# Matching 1/2" to 5/8" drywall



## SPS-1 (Oct 21, 2008)

I am no expert, just a DIYer.

So its not even taped yet ? This guy on the internet says your husband should rip it out and replace it. Its just a freakin piece of drywall. Not like he has to rebuild the house.


----------



## ZTMAN (Feb 19, 2015)

Every time hubby is on the think tank, he will be thinking about the mismatched drywall behind him. It will take more time and effort to mud the 1/8" difference than remove and replace. In a pinch, you could always put a 1/8" shim on the studs, like a line of paint stirs to shim it out, but in the long run, its best to replace.


----------



## digitalplumber (Jul 8, 2011)

How big are we talking about here? Picture? Floating out could take longer than replacing and doing right.


----------



## ddawg16 (Aug 15, 2011)

I'm assuming it was screwed in.

Unscrew....use furring strips to get the right thickness....you get them at HD....basically strips of heavy paper....stable in place....attach drywall.


----------



## cece_o (Nov 10, 2016)

Thanks for the feedback everyone! I showed him your responses and it was enough to help him decide to redo it. it's only maybe a 2'x8' section anyway. We'll just consider what we already did a trial run...


----------



## digitalplumber (Jul 8, 2011)

cece_o said:


> Thanks for the feedback everyone! I showed him your responses and it was enough to help him decide to redo it. it's only maybe a 2'x8' section anyway. We'll just consider what we already did a trial run...


I'm sure his life is going to be much easier now!:devil3:


----------



## MTN REMODEL LLC (Sep 11, 2010)

A trip to HD.... drywall shims are 4' long and cost a dime.... unscew the piece in there and three shims bring it flush.

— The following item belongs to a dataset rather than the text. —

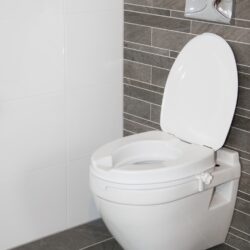 Toiletverhoger - 5 cm met deksel - Afbeelding 3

Your cost.... about $2 and a trip to depot.

That could be mudded/floated out... but you'll either be mixing hot mud, waiting several days for all purpose to harden, with several applications.

Good luck


----------



## cece_o (Nov 10, 2016)

Thanks for the tip about the shims. That's what we ended up doing. Really easy, cheap and not too much hassle for anyone involved. We're all happy now.


----------